Significado: graça, favor (de Deus).
Hanna é Anne remontada à sua fonte. Antes de se tornar Anne em francês ou Anna em italiano, o prenome era o hebraico Ḥannah, « a graça », carregado por duas figuras: no Antigo Testamento, a mãe do profeta Samuel, cujo cântico de louvor prefigura o Magnificat de Maria; e, pela tradição cristã, santa Ana, mãe da Virgem, celebrada em 26 de julho e padroeira das avós e das mulheres que esperam um filho.
Com seu único H e sem o segundo H final da grafia inglesa, Hanna é a forma preferida da Europa Central e do Norte: alemã, polonesa, escandinava, húngara. Ela soa mais depurada, mais contemporânea do que a venerável Anne, mantendo a doçura do prenome de berço. Na França, ela conquista os pais que buscam um clássico universal sem o aspecto datado.
Hoje, Hanna evoca a simplicidade elegante: um prenome curto, luminoso, que atravessa fronteiras e línguas sem nunca sair de moda, entre herança bíblica e modernidade escandinava.
Hanna exala uma calma que não tem nada de insípida: uma presença doce, mas segura de si, à imagem da « graça » inscrita em seu nome. Nela, a sensibilidade e a lealdade prevalecem. Ela capta as entrelinhas, lembra-se dos detalhes que importam e torna-se rapidamente o pilar discreto de um grupo, aquela para quem se recorre quando as coisas vão mal. Sua estabilidade tranquiliza: Hanna não gosta do caos, ela constrói pacientemente, tece laços duradouros e prefere a fidelidade aos relacionamentos passageiros.

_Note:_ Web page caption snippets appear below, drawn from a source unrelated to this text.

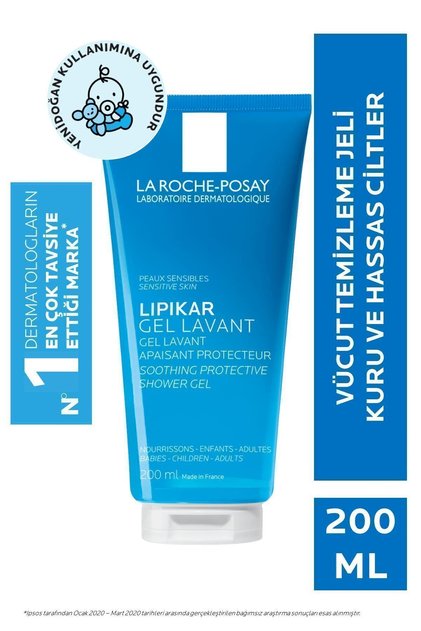 Lavant 200 ml Lipikar Gel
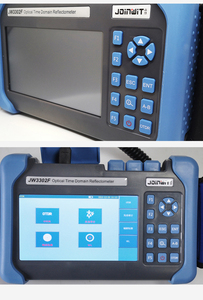 Chất lượng cao 7 inch màn hình cảm ứng OTDR SM/mm 1310/1550nm đa chức năng thời gian miền reflectometer GSM/GPRS/TCP hỗ trợ cho FTTx - Product Image 6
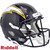 Los Angeles Chargers Helmet Riddell Replica Full Size Speed Style On-Field Alternate 2025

Mas reduzir Hanna à sabedoria seria um erro. Há nela um fundo de independência muito nórdica, herdado dessa grafia depurada do Norte da Europa: uma mulher que pensa por si mesma, decide sem ruído e não precisa da validação da plateia. Sua ambição é real, mas silenciosa; ela mira certo em vez de mirar alto, à maneira de uma Hannah Arendt que pensava contra a maré sem nunca elevar a voz desnecessariamente.
Seu humor é refinado, um tanto irônico, muitas vezes inserido no momento em que menos se espera. Ela não tem uma necessidade imensa de atenção: dê-lhe um círculo restrito de pessoas que ela ama e uma causa que a toque, e ela estará satisfeita. Sente-se que ela é atravessada por uma verdadeira profundidade interior, uma inclinação para a reflexão, por vezes para a melancolia, rapidamente compensada por sua benevolência. Hanna é a pessoa que não promete a lua, mas que, sim, estará sempre lá na manhã seguinte. Uma graça tranquila, generosa e lúcida, que envelhece maravilhosamente bem.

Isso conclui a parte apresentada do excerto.